▸ Assignment
Repeat each record exactly. Any picture gets left out.

(Given records)

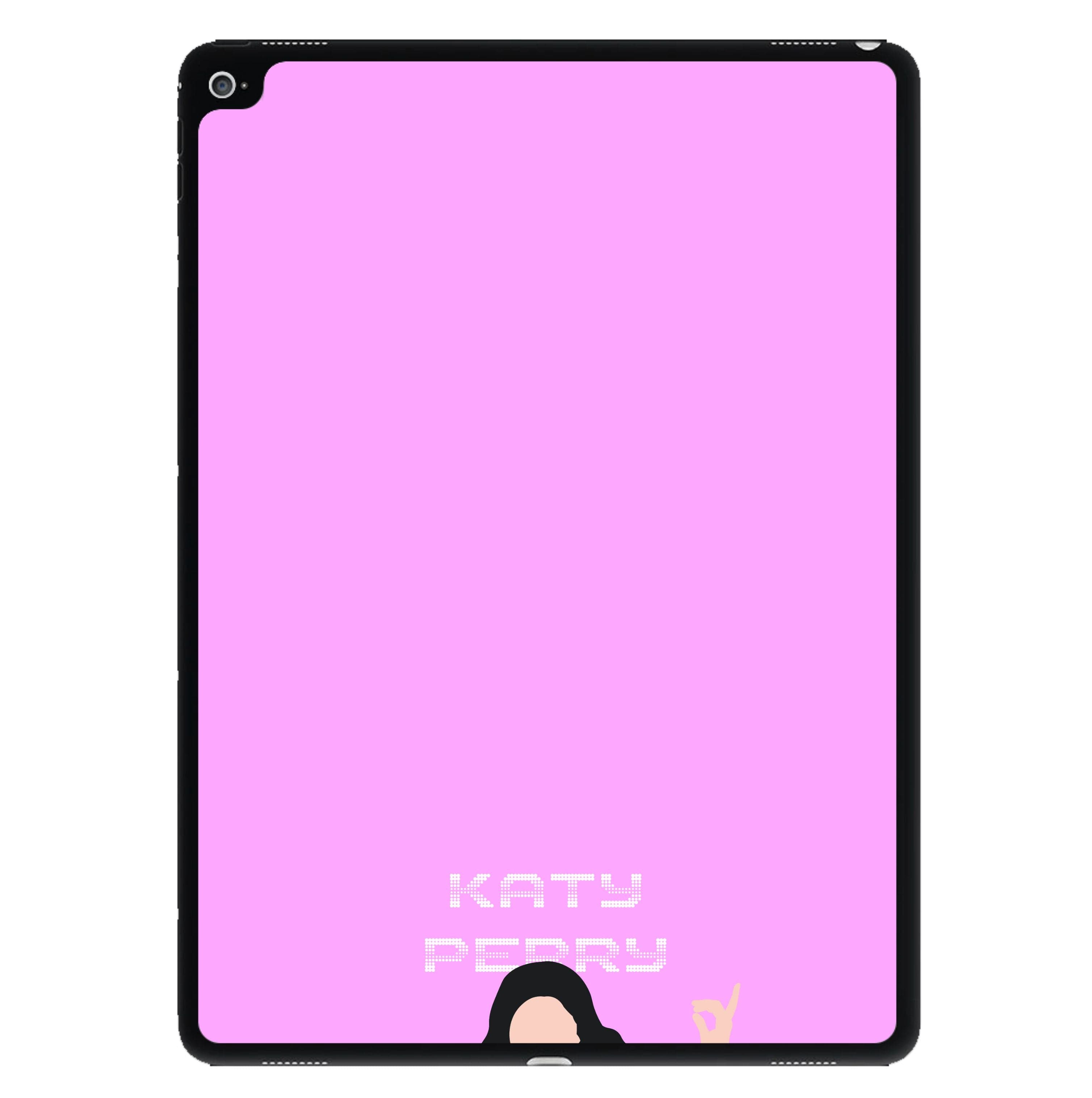 Sign - Katy Perry iPad Case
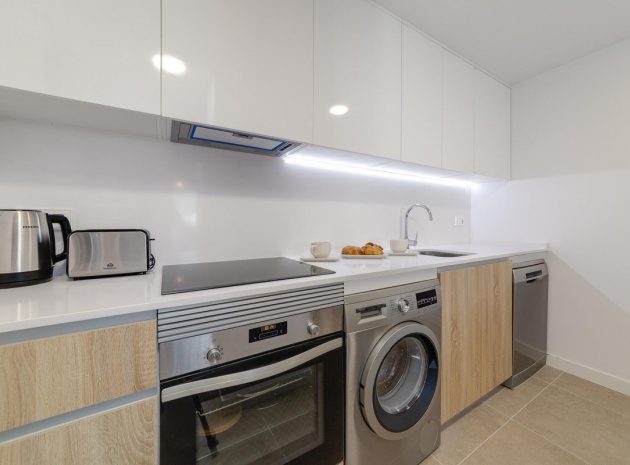 Wiederverkauf - Wohnung - Calpe - Calpe Centro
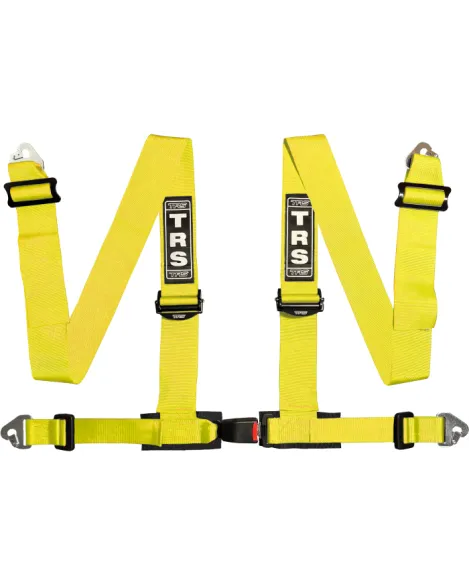 TRS Motorsport Clubman 75mm 4 Point Superlite Road Harness TRS Motorsport Clubman 75mm 4 Point Superlite Road Harness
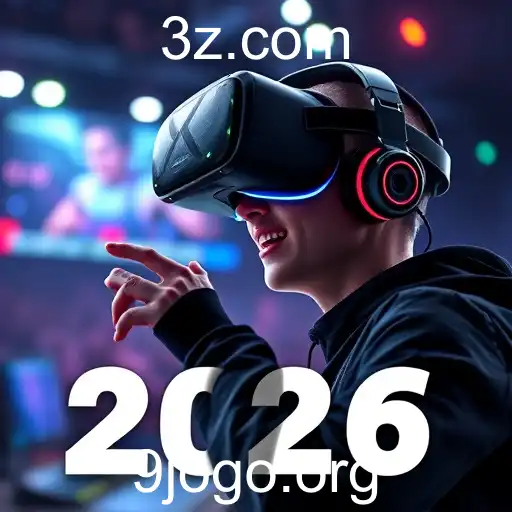 Explorando as Últimas Tendências em Jogos para 2026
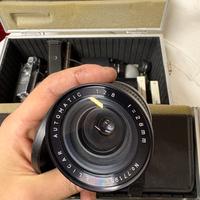 Elicar obiettivo 28 mm f/2.8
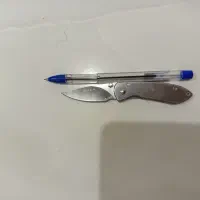 چاقو تمام استیل اصل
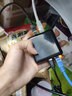 荟狼 网线分线器 千兆一分二一分三一分四同时上网 百兆头网转接头网络延长 网络转接头 RJ45网络接口 网线一分二千兆 同时上网【黑色 】+网线一条 实拍图
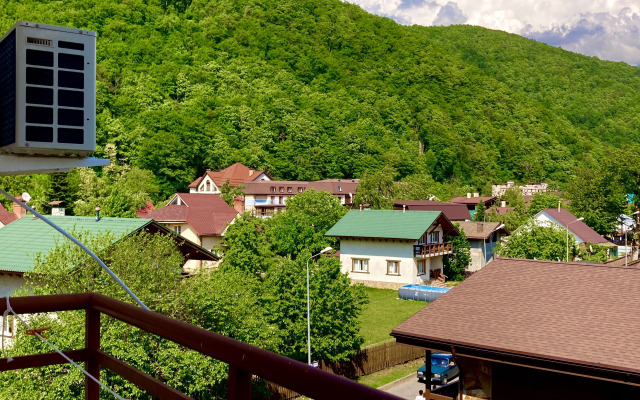 Апартаменты Golden Holiday 1 спальня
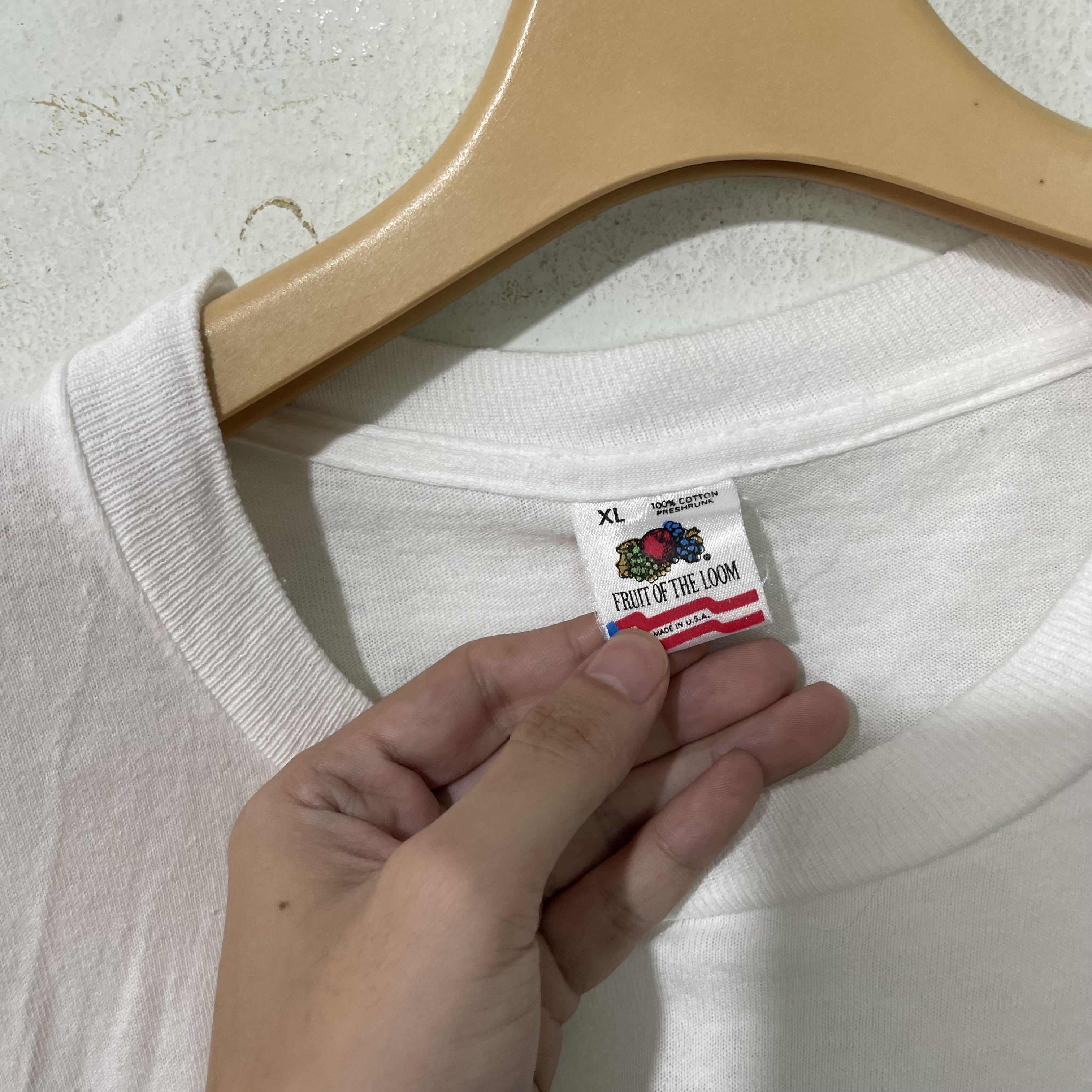 Vintage Vintage 90s The Kirov Ballet Swan Lake Shirt Size US XL / EU 56 / 4 - 4 Thumbnail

(End Given records)

▸ Answer section
 Sign - Katy Perry iPad Case
 Wiederverkauf - Wohnung - Calpe - Calpe Centro
 TRS Motorsport Clubman 75mm 4 Point Superlite Road Harness TRS Motorsport Clubman 75mm 4 Point Superlite Road Harness
 Explorando as Últimas Tendências em Jogos para 2026
 Elicar obiettivo 28 mm f/2.8
 چاقو تمام استیل اصل
 荟狼 网线分线器 千兆一分二一分三一分四同时上网 百兆头网转接头网络延长 网络转接头 RJ45网络接口 网线一分二千兆 同时上网【黑色 】+网线一条 实拍图
 Апартаменты Golden Holiday 1 спальня
 Vintage Vintage 90s The Kirov Ballet Swan Lake Shirt Size US XL / EU 56 / 4 - 4 Thumbnail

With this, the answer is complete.